An automatic stay is created when a person files for bankruptcy under either Chapter 7 or Chapter 13.
While it is in effect, creditors cannot: • Try to bring a claim against you
• Try to enforce a judgment against you
• Try to gain property from you
• Try to create, protect or enforce any sort of lien against you
• Try to collect debts from you
In short, while you are protected by the automatic stay, you are safe from creditors. If they violate this stay, then they are liable for damages. It is important to give your creditors notice that you filed, so as to prevent them from harassing you as quickly as possible.

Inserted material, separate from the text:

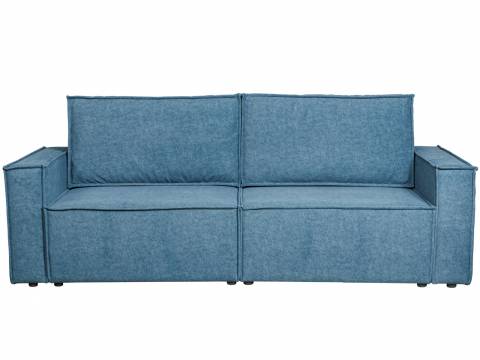 Диван Сатурн ткань ЕВА 07 синий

This protection is not absolute, unfortunately. It does not protect you against:
• criminal proceedings
• family support obligations
• losing a license
• creditors collecting from property that is not part of your estate
• the interception of a tax refund
• tax audits, being given notice of tax deficiency, demands for tax returns, or demands for payment of taxes (this only works on taxes that are not discharged)
The stay remains in effect until:
• the case is closed or dismissed
• discharge is granted or denied under Chapter 7 bankruptcy
• the property with a claim on it is no longer part of the estate
• the court acknowledges a request from a creditor to release the stay
In a Chapter 7 bankruptcy, the stay is replaced by a permanent injunction when the case is discharged, as part of the total discharge of debt. In a Chapter 13 bankruptcy, the stay remains until the completion of the Chapter 13 plan.
If you had filed once already this year and had it dismissed, then the stay is limited to 30 days. If you have filed at least twice this year and they were both dismissed, then you do not get a stay.